On Oct. 25, The Pew Charitable Trusts sent comments to the Federal Housing Finance Agency in response to the agency’s request for input on the equitable housing finance plans for Fannie Mae and Freddie Mac. Pew’s letter highlighted opportunities to examine and improve equity in home financing.
Although most Americans use mortgages when buying homes, forthcoming Pew research suggests that tens of millions have used nonmortgage alternative financing arrangements, such as land contracts and rent-to-own. These arrangements often pose risks for buyers, such as hidden costs, threat of eviction, and loss of equity, and evidence shows deep disparities in usage across race, ethnicity, and geography.
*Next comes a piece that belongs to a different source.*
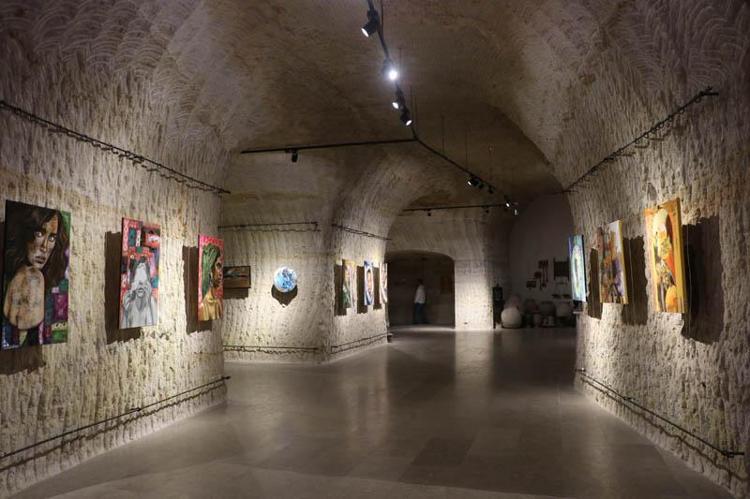 BİNE YAKIN ESER VAR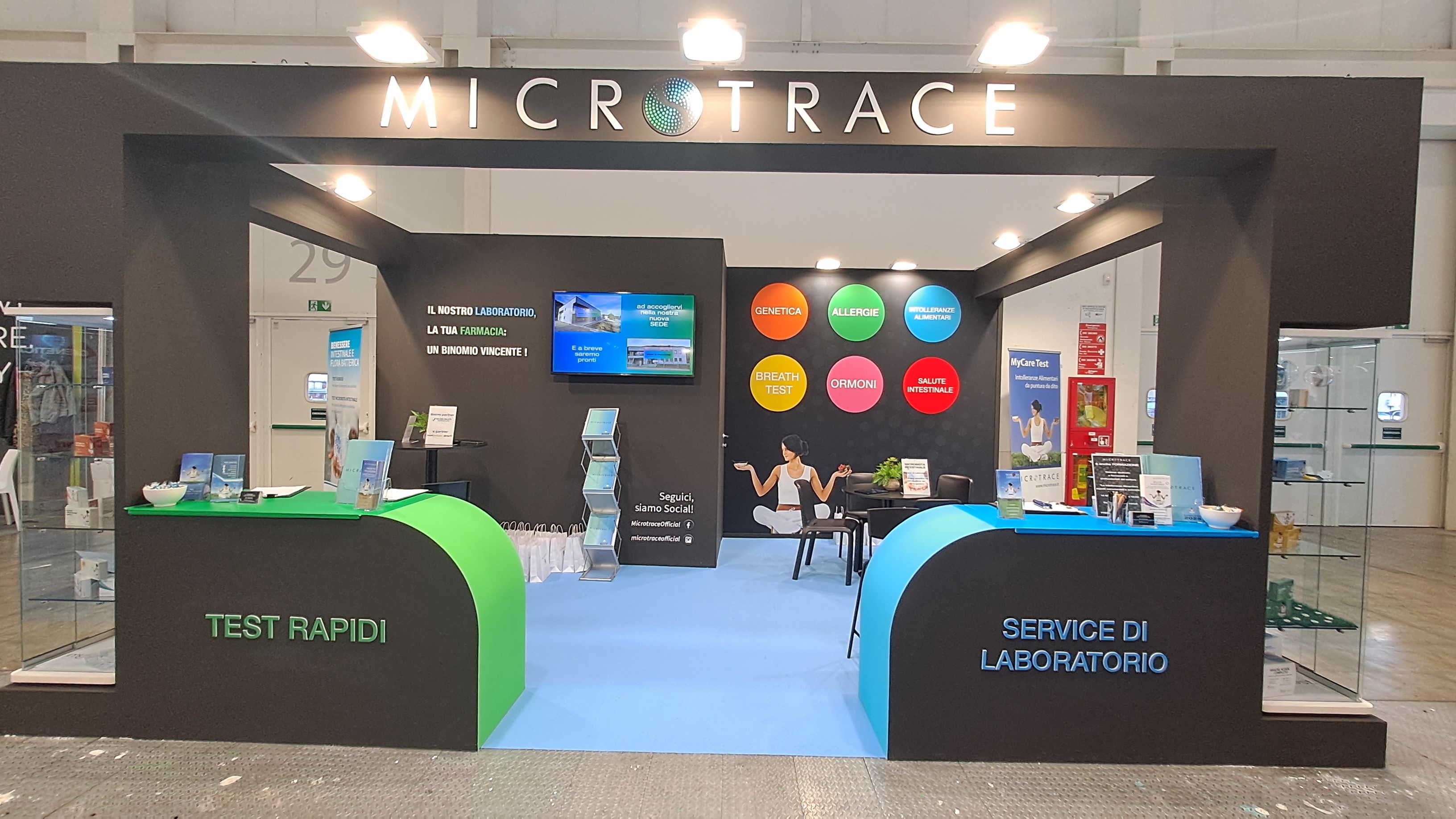 Microtrace-stand-a-cosmofarma2024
These challenges are particularly acute for people buying manufactured homes, a key source of housing for low- and moderate-income Americans.
Pew encouraged Fannie and Freddie to maintain a focus on the ways in which people finance their homes, particularly in communities where mortgage access is limited; address the disparities associated with various financing products; and consider four main objectives as they develop their plans:
- Evaluating housing quality.
- Understanding the rapidly expanding lease-purchase market and its outcomes.
- Conducting research on manufactured housing loan options and making the data publicly available.
- Assessing the small mortgage market and developing a pilot program to learn about lender and borrower challenges.